The state Department of Health Services has expanded a dementia-care specialist program, adding eight workers who will operate in 22 counties, officials said last week.
Dementia-care specialists help people with dementia stay in their homes, connect family caregivers to support services and encourage communities to become dementia-friendly. The program was mentioned in the Wisconsin State Journal’s series last month, “Fading away: Wisconsin’s dementia crisis.”
Two dozen of the specialists have been working in 34 of Wisconsin’s 72 counties and with three of the state’s 11 Native American tribes.
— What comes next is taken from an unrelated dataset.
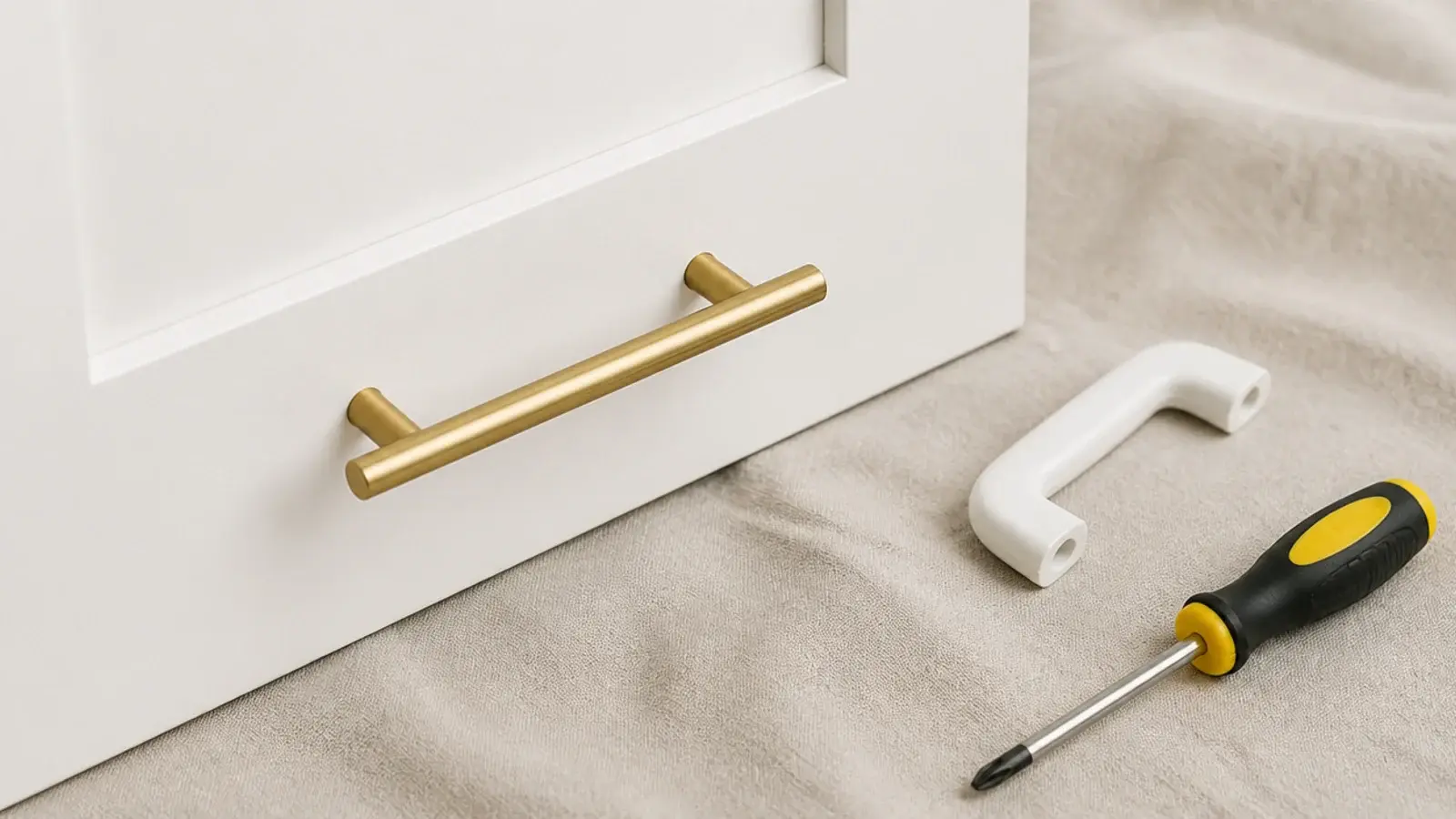 plain white flat pack shoe cabinet fitted with solid brass bar pulls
One worker is dedicated to Dane County.
Northern Wisconsin’s Vilas and Oneida counties, where the percentage of older adults is among the highest in the state, applied for a dementia-care specialist but were not selected.
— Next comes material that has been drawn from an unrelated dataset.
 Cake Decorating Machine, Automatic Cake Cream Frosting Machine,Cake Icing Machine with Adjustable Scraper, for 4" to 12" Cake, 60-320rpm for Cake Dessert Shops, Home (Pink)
Sue Richmond, director of Vilas County’s Aging and Disability Resource Center, or ADRC, said she was “very disappointed we were not selected in this round of grants given our demographics and population.” The county had a record of 170 elder neglect or abuse reports last year, about 90% of them related to dementia, said county social worker Donna Rosner.
Health department spokeswoman Jennifer Miller said a team of reviewers rated applications based upon a set of criteria. “Unfortunately, the application for Vilas and Oneida County didn’t make the cut,” she said.
The additional eight workers, supported by a funding increase in the state budget in July, will be based at the following ADRCs:
- ADRCs of Chippewa and Dunn counties.
- ADRC of Central Wisconsin.
- ADRC of Calumet, Outagamie and Waupaca Counties.
- ADRCs of Douglas County and Northwest Wisconsin.
- ADRCs of Jackson and Monroe counties.
- ADRCs of Trempealeau County and Buffalo and Pepin Counties.
- ADRC of Wolf River Region.
- ADRCs of Walworth and Racine counties.